* DATA SHOWN

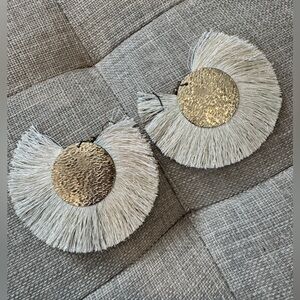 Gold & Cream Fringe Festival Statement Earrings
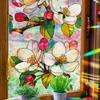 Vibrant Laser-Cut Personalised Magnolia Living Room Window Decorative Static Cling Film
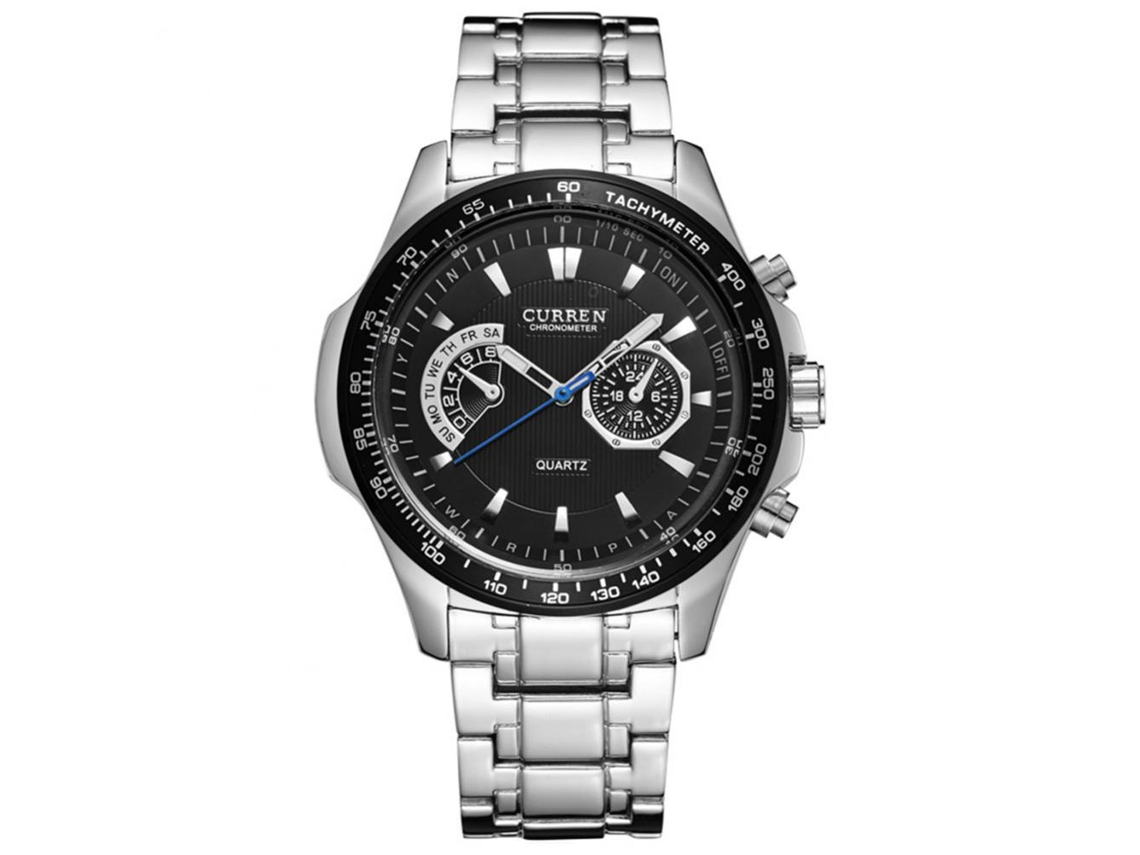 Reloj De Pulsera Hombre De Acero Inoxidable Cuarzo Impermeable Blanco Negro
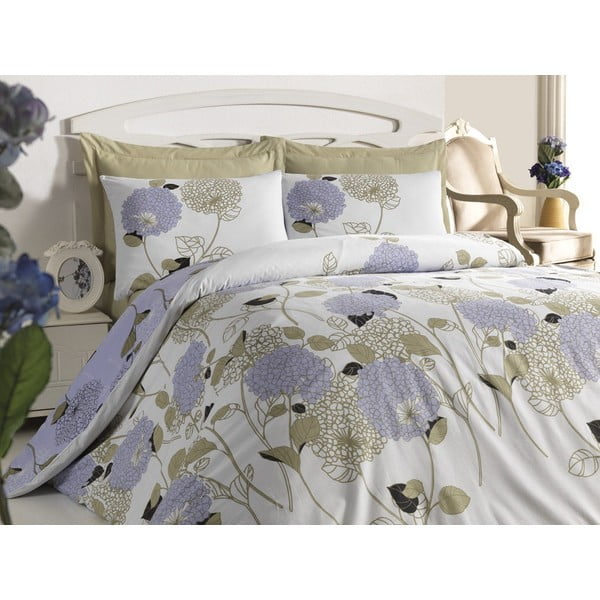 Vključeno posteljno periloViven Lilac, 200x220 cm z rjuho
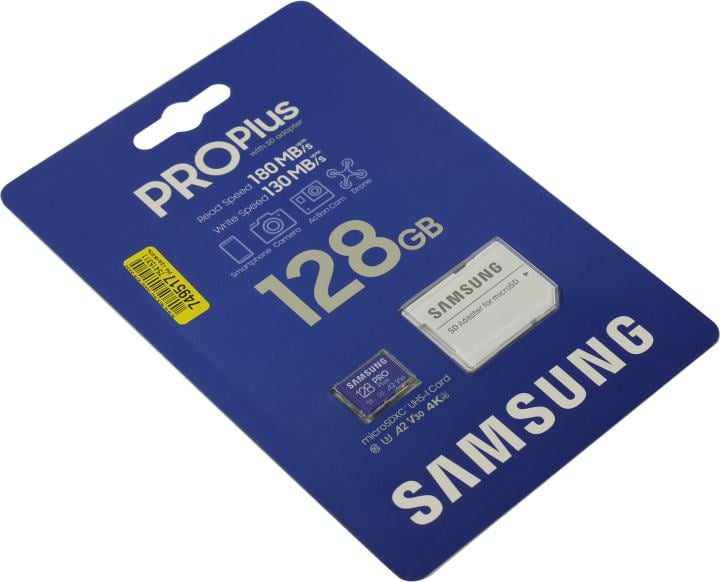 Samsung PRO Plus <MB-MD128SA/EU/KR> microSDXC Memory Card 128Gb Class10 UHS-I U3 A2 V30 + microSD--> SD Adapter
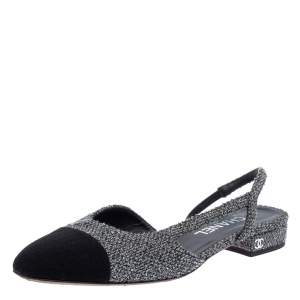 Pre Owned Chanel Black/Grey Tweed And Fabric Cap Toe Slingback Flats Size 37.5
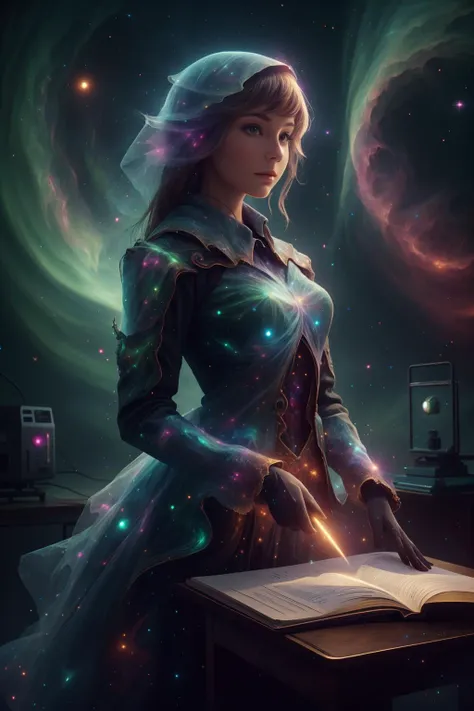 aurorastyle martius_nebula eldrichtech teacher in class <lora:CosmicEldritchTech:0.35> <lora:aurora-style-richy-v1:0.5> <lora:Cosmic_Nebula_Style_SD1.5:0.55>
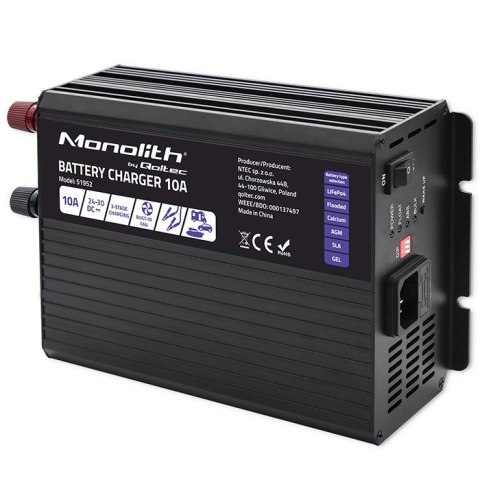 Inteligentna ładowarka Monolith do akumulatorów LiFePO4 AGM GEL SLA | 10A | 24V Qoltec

* * *

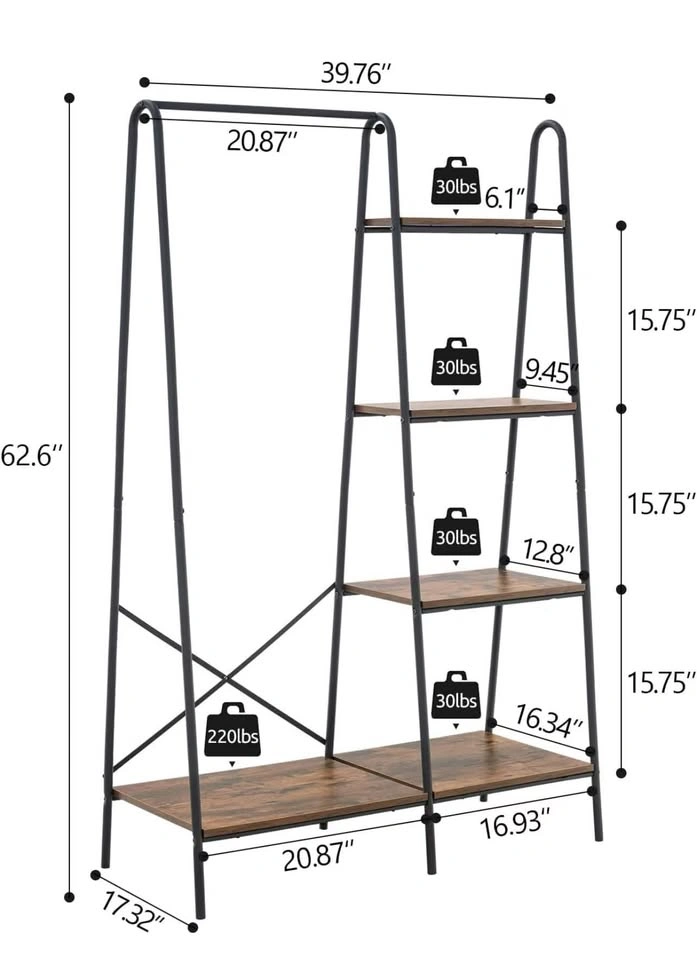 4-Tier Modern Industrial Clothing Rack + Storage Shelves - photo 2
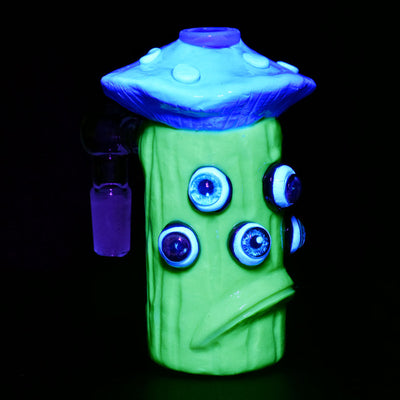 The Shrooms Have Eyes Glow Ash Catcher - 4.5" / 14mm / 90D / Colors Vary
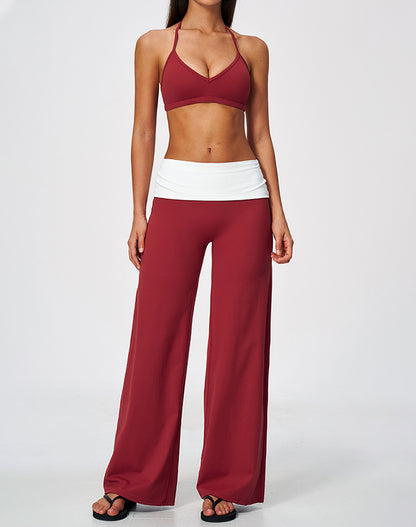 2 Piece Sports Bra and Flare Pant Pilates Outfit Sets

* TASK
Set down, exactly as written above, each line from the one with "The Shrooms Have" through the one with "2 Piece Sports", and skip the pictures.

* REPLY TO THE EXERCISE
 The Shrooms Have Eyes Glow Ash Catcher - 4.5" / 14mm / 90D / Colors Vary
 2 Piece Sports Bra and Flare Pant Pilates Outfit Sets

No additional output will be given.